- How to complete this task -
Your copy should begin with the line containing "U.S. Navy Cut", end with the line containing "Atomic Redster G9 FIS Revoshock Men X (2023/24) 7", match the listing below exactly, and contain no pictures.

- Exercise data -
===============

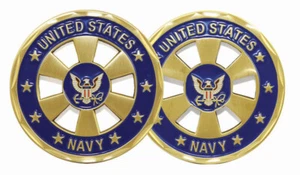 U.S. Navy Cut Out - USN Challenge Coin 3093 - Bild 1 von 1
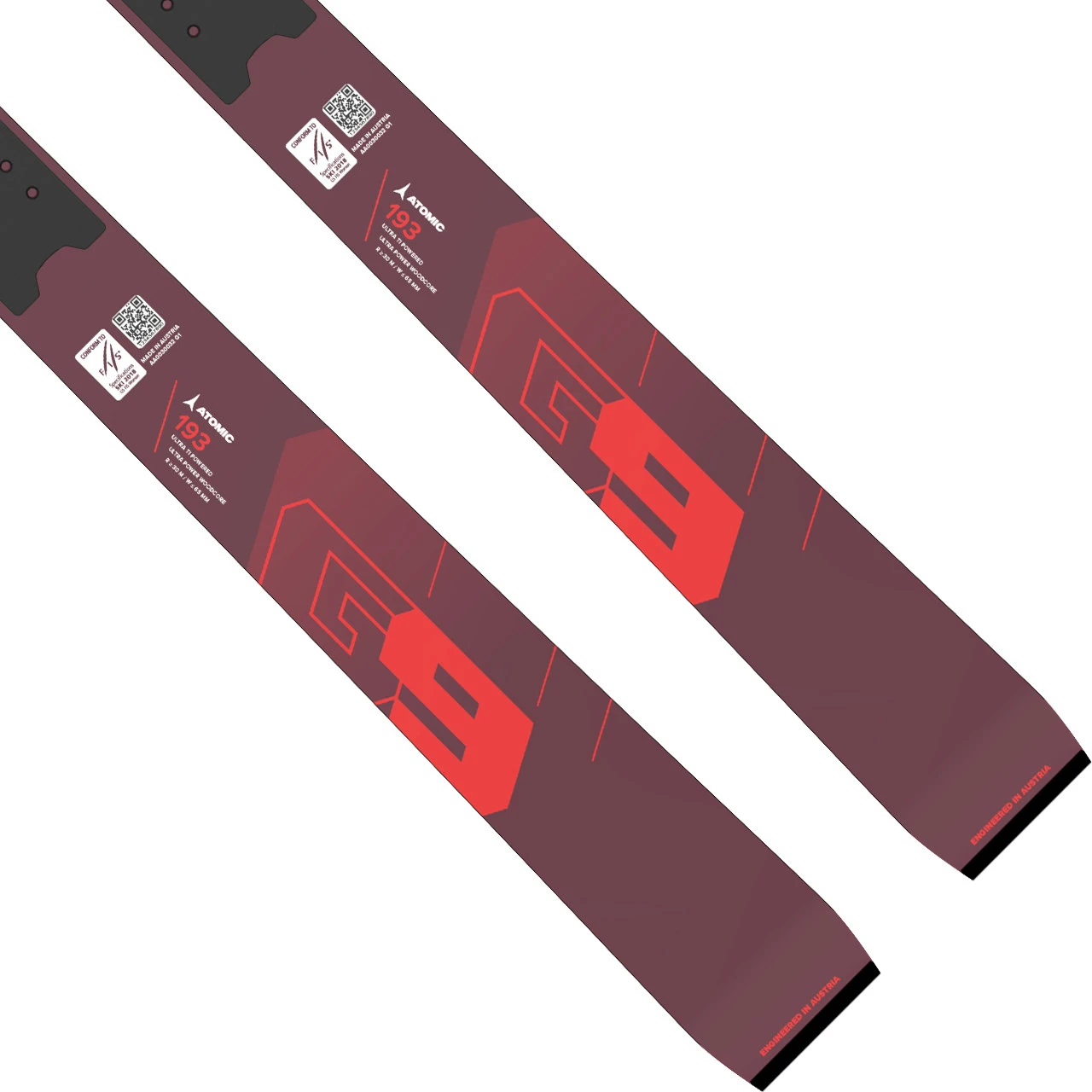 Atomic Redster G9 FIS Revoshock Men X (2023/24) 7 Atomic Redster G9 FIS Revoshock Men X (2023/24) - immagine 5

===============

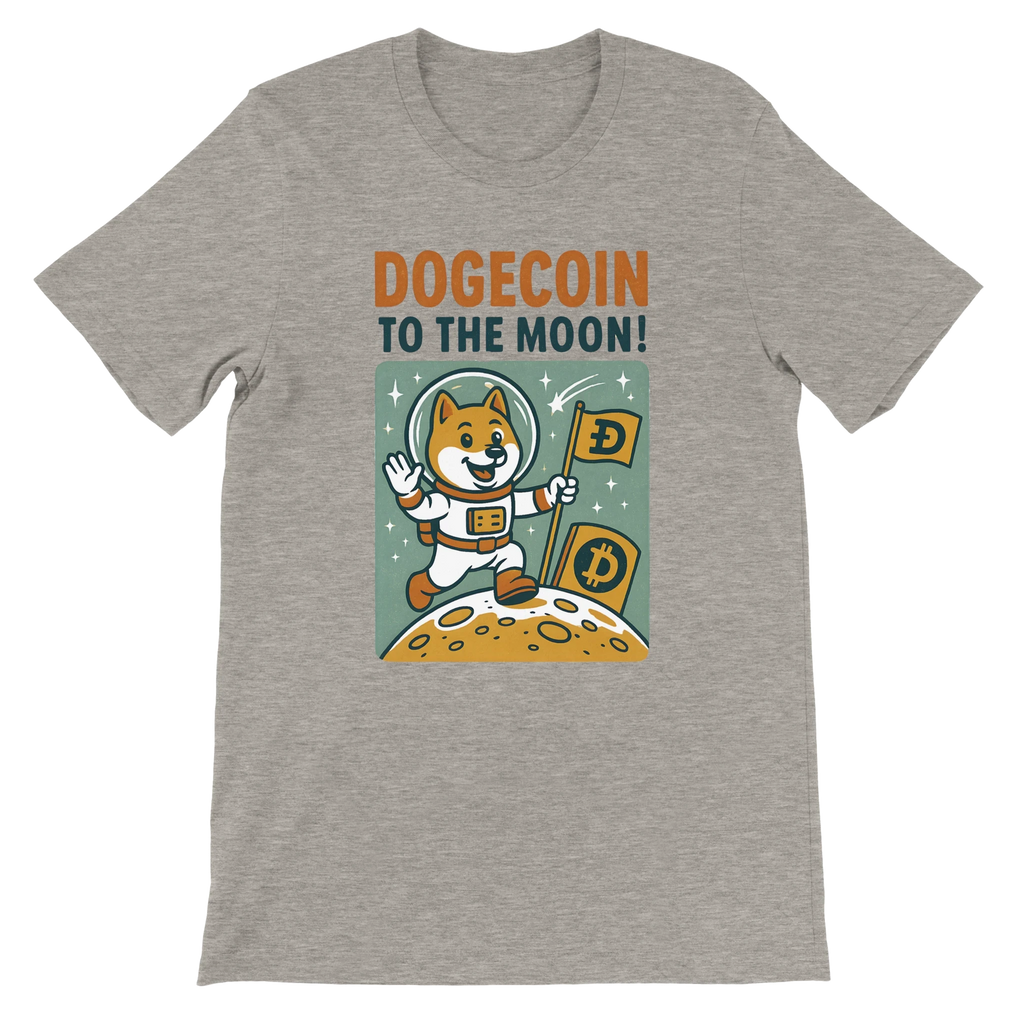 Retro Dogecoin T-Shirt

===============

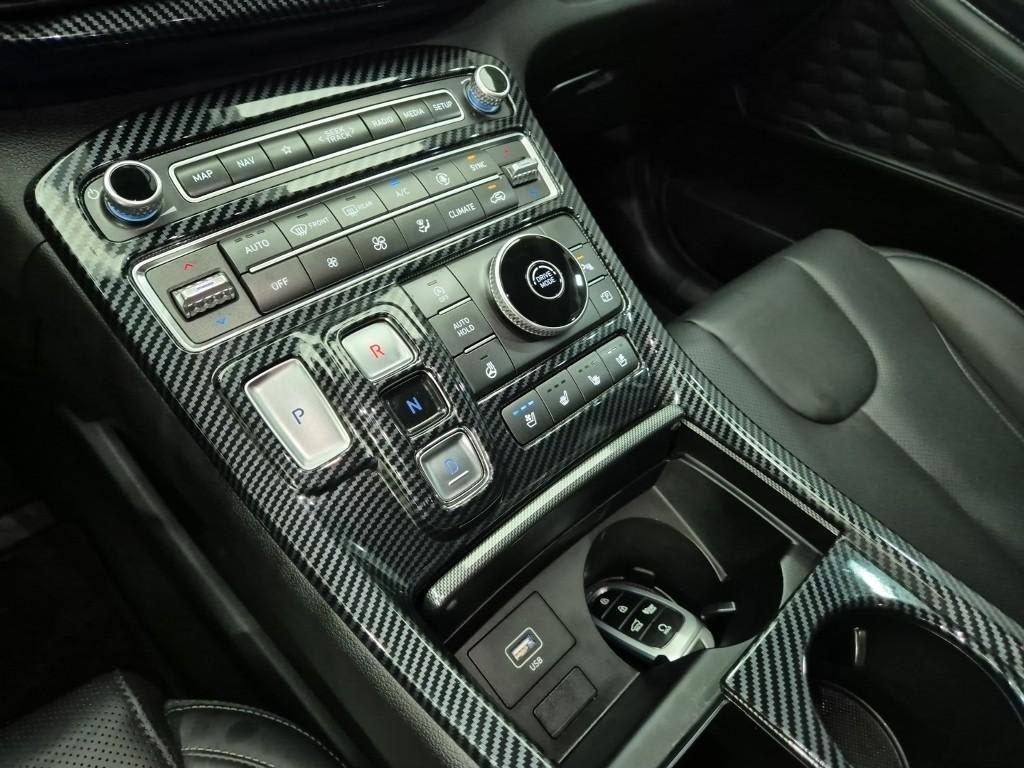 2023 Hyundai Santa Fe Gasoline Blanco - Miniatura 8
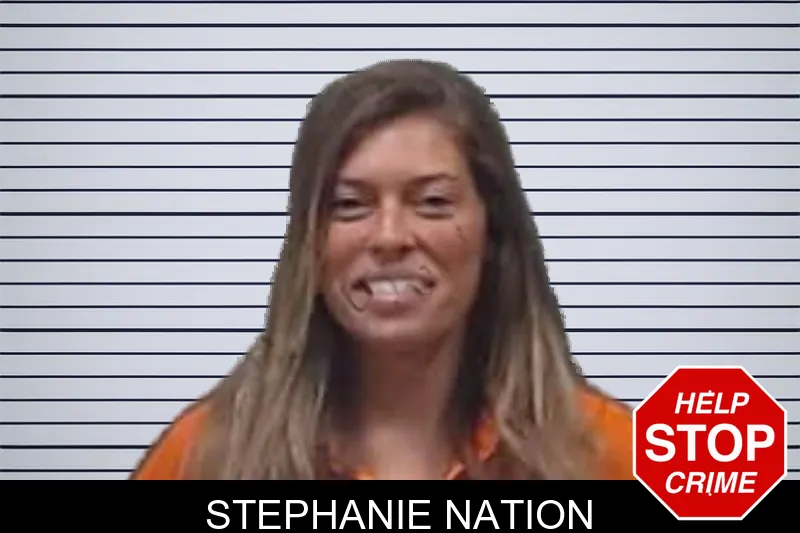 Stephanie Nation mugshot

===============

- Result -
 U.S. Navy Cut Out - USN Challenge Coin 3093 - Bild 1 von 1
 Atomic Redster G9 FIS Revoshock Men X (2023/24) 7 Atomic Redster G9 FIS Revoshock Men X (2023/24) - immagine 5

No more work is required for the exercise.